TASK MATERIAL:
=== Begin Enclosure ===
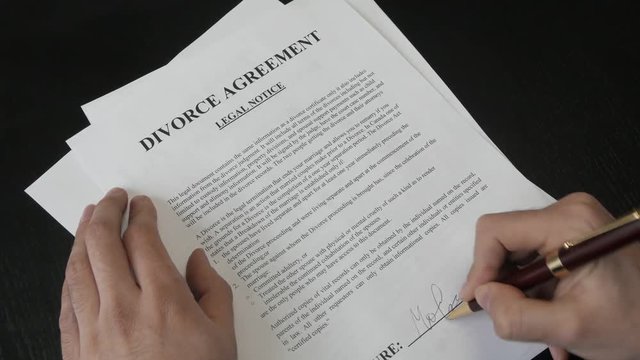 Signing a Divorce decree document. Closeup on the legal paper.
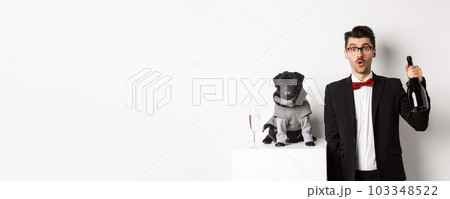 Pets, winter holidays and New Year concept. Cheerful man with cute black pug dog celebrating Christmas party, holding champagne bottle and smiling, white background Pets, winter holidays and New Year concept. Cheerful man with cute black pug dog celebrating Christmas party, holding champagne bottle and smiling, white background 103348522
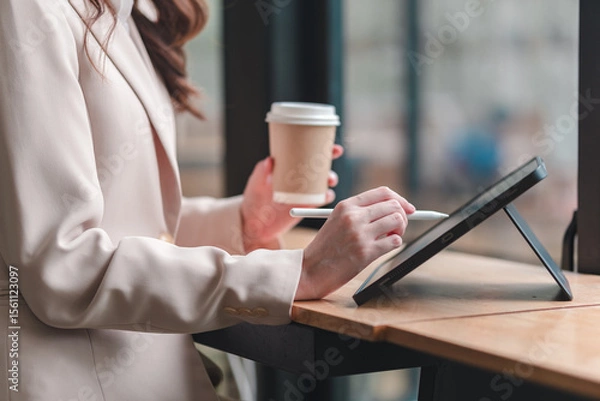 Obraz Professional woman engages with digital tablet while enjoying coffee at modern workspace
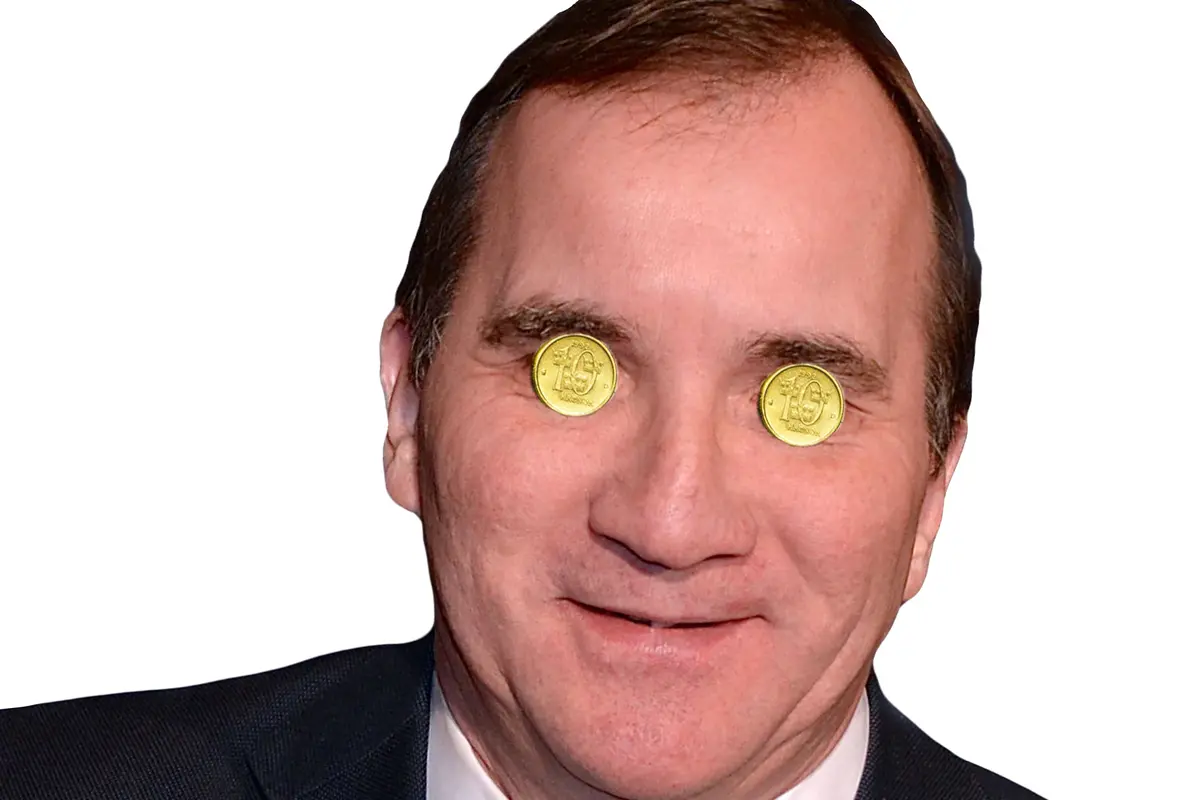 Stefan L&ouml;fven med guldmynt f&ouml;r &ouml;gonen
=== End Enclosure ===
=== Begin Enclosure ===
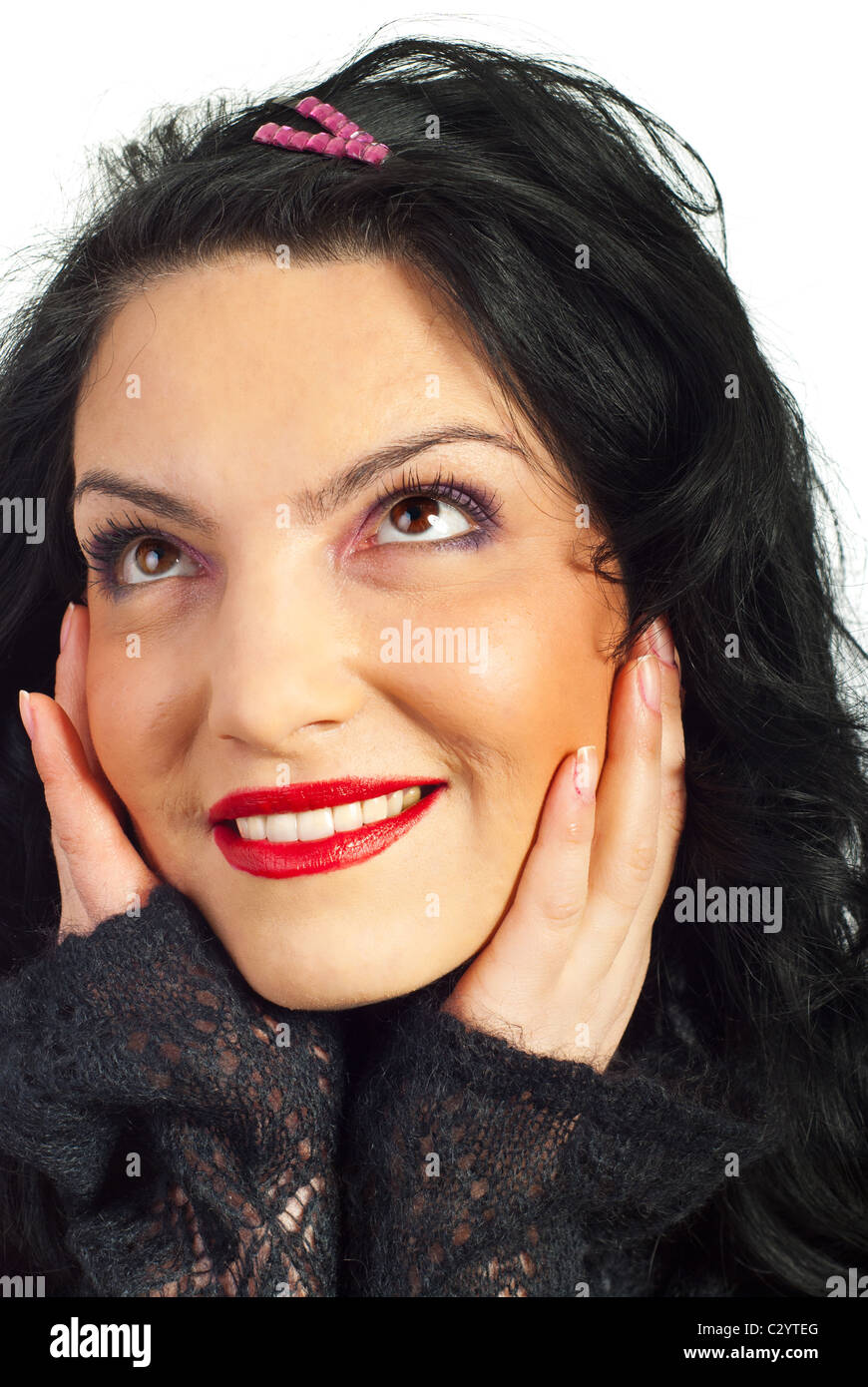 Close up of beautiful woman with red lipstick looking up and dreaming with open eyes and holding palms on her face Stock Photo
=== End Enclosure ===
EXERCISE REQUIREMENTS: Within the listing above, extract exactly the lines that run from the one containing "Signing a Divorce" through the one containing "Stefan L&ouml;fven med", excluding any pictures.

FINAL ANSWER:
 Signing a Divorce decree document. Closeup on the legal paper.
 Pets, winter holidays and New Year concept. Cheerful man with cute black pug dog celebrating Christmas party, holding champagne bottle and smiling, white background Pets, winter holidays and New Year concept. Cheerful man with cute black pug dog celebrating Christmas party, holding champagne bottle and smiling, white background 103348522
 Obraz Professional woman engages with digital tablet while enjoying coffee at modern workspace
 Stefan L&ouml;fven med guldmynt f&ouml;r &ouml;gonen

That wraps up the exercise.